(SUPPLIED RECORDS)
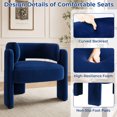 thumbnail image 5 of TLSUNNY Modern Accent Barrel Chair, Velvet Upholstered Armchair with 3 Legs, Comfy Leisure Reading Chair for Dining/Living Room/Bedroom, Blue, 5 of 9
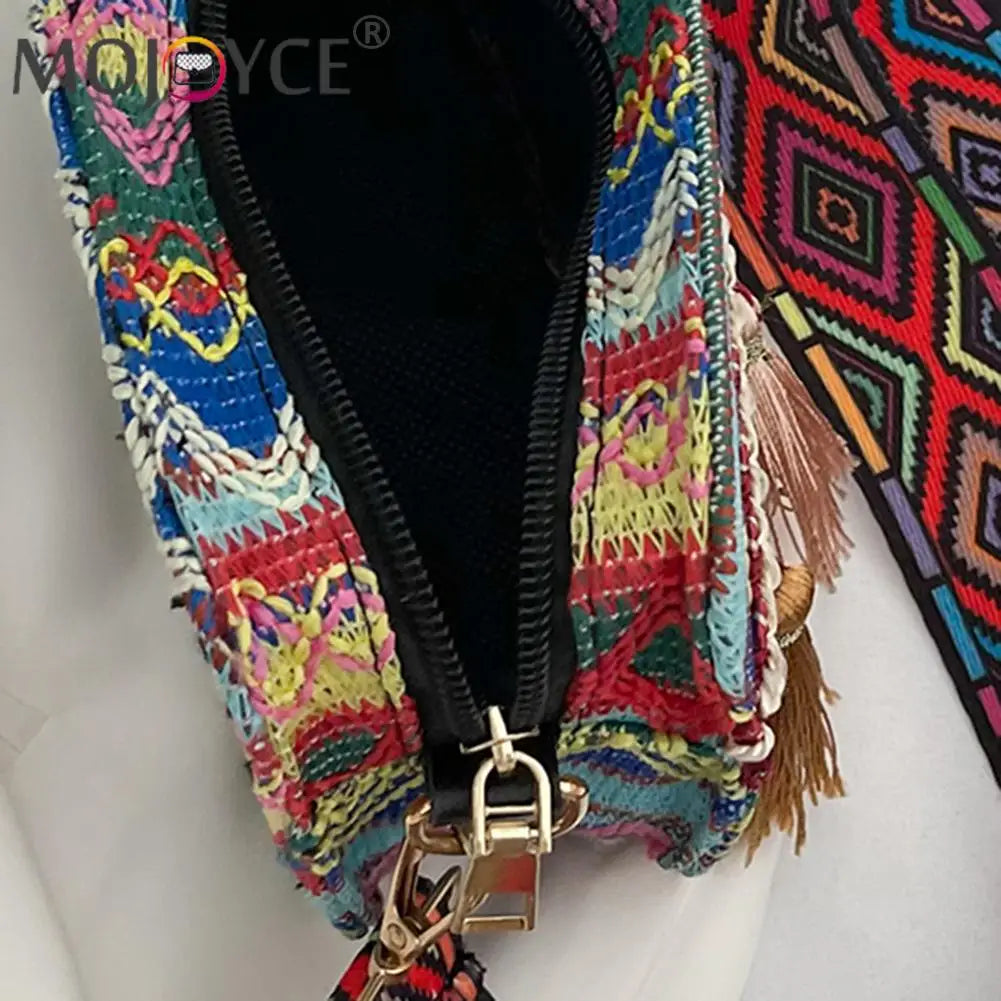 Women Stripes Printing Underarm Bags Casual Tassel PU Leather Shoulder Bag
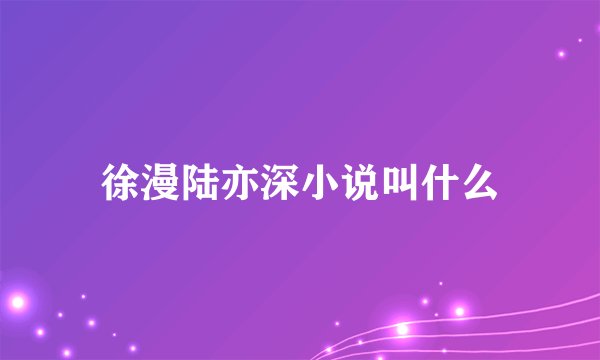 徐漫陆亦深小说叫什么
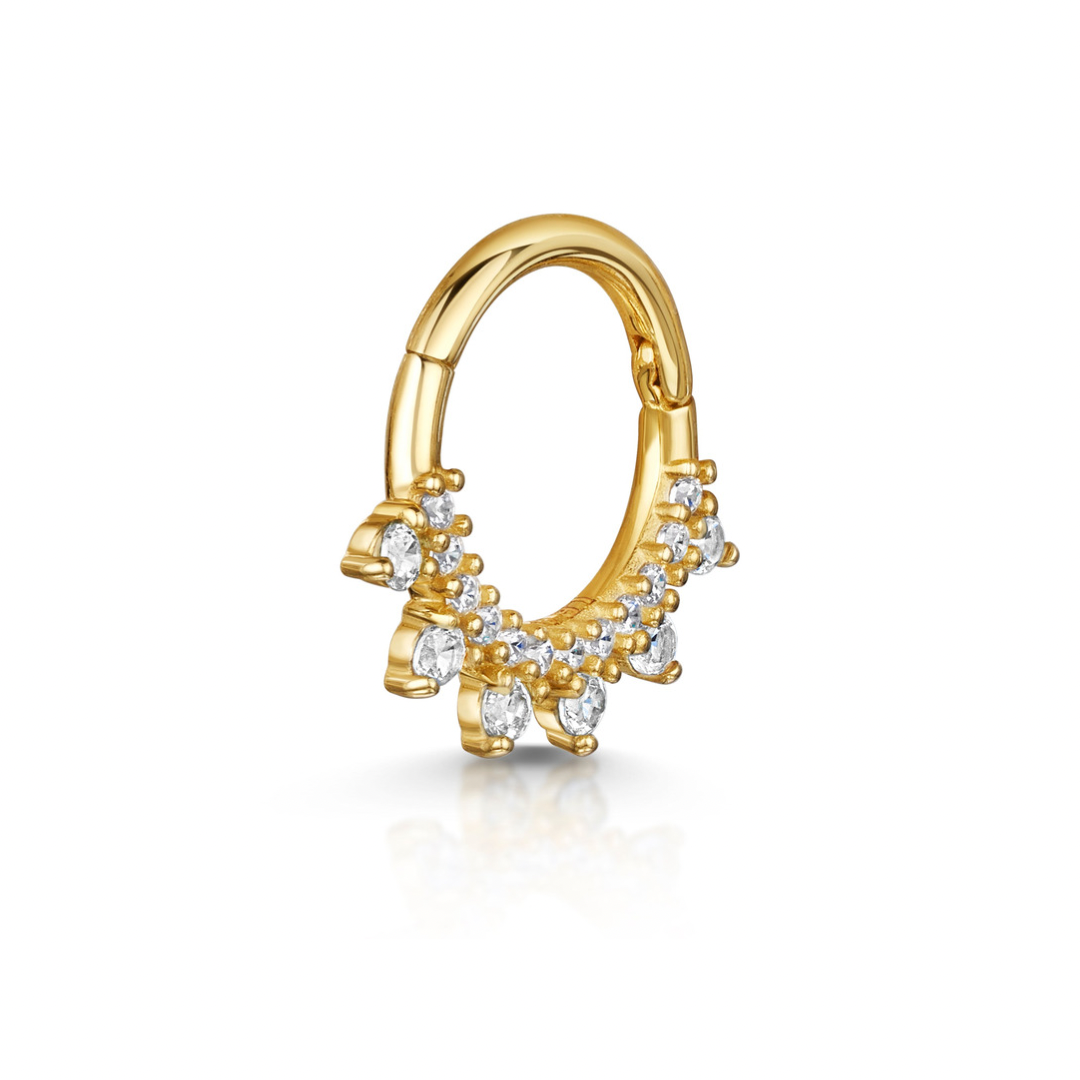 9k solid yellow gold white crystal pavé hoop for daith or septum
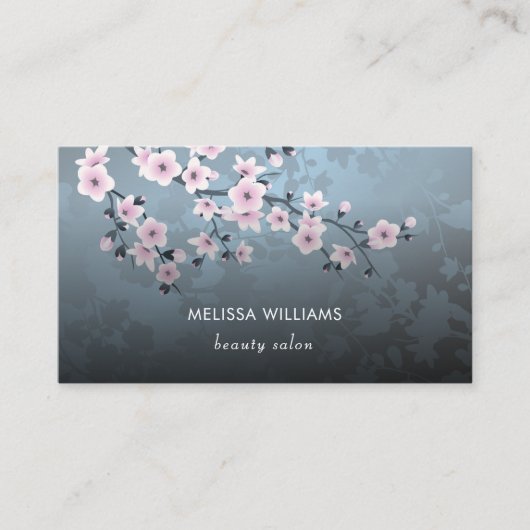 Qr-Code | Cherry Blossom Dark Floral Visitenkarte (Vorderseite)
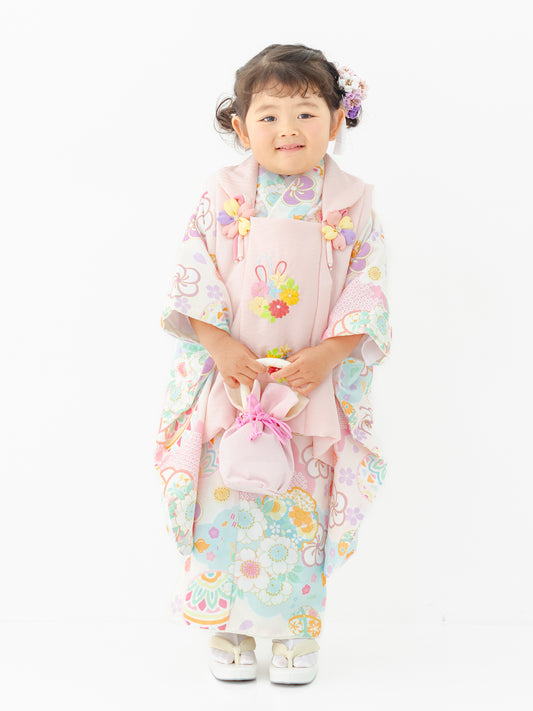 S0330 まり/アイボリー 【七五三着物レンタル】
(End SUPPLIED RECORDS)
▶ **WORK ITEM**:
Only the lines from the one holding "9k solid yellow" to the last line of the entries above should be printed, exactly as they appear and with no pictures.

▶ **OUTPUT**:
 9k solid yellow gold white crystal pavé hoop for daith or septum
 Qr-Code | Cherry Blossom Dark Floral Visitenkarte (Vorderseite)
 S0330 まり/アイボリー 【七五三着物レンタル】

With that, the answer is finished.